Too late, he realized that Joaquin had grinned for the first time that day.

"Ah, so you know him. Small world, Doc."

"No, I don't. I have seen his shows." His boyfriend Ethan was thick with Bob.

"You know him well," Joaquin guessed. "Perfect! You can help me get him!"

"No," Doc hastened to repair the damage, "no, that's unprofessional. In fact, I should reassign you to another colleague of mine – "

"You will help me, Doc," Joaquin told him.

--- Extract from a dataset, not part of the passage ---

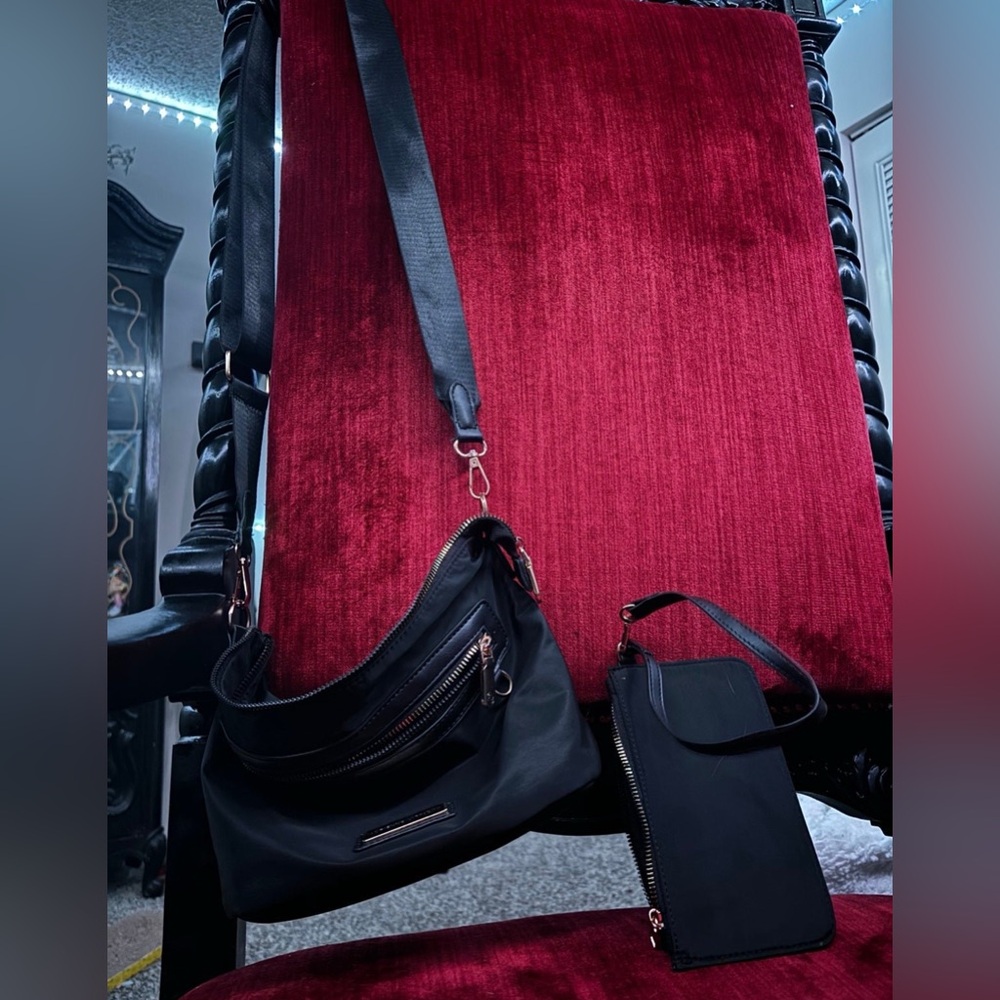 black crossbody + clutch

Doc sighed. Joaquin wasn't asking, and when he was in his Genghis Khan mode, Doc felt intimidated enough to cave in.

THREE

Bob saw Joaquin walking towards his store, and immediately he ordered his assistant to tell the man he was out. Even as his heart soared at the sight of Joaquin – stupid, since he didn't even know that man! – whom he hadn't seen for three days, he ran into his store room and pulled the shades down. And locked the door.

"He's not in here!" he heard his assistant Jane protested.

Joaquin's heavy shoes thumped on the floor. "Yeah, you told me already," he said, then there was a loud thump of fist on door. "Don't look so terrified. I don't have a gun, I don't need money, and I don't want to kill Bob. I'm actually a very nice guy." Then there was another loud thump – the washroom door. "Bob? I know you're in here. Your van is parked outside."

The doorknob turned, and then there was a violent shake on the door. "Open up Bob."

"Get the fuck away, you psychopath," Bob told him. "You're mad. You're a lunatic nutcase!"

"Obviously you have been talking to my ex-boyfriend," Joaquin said, testing the door. "You know, I can stand out here and wait until either you come out or your sweet assistant calls the cops."

"What do you want?"

"I want to apologize over last night. I just realize I shouldn't ask you to sleep with me ten minutes after meeting you. It's rude, I know. Maybe we can go for a few dates and then we sleep together, how's that?"

"Call the cops!"

"Don't you fucking move!" – presumable Joaquin was talking to Jane, before telling Bob, "I take that as a no?"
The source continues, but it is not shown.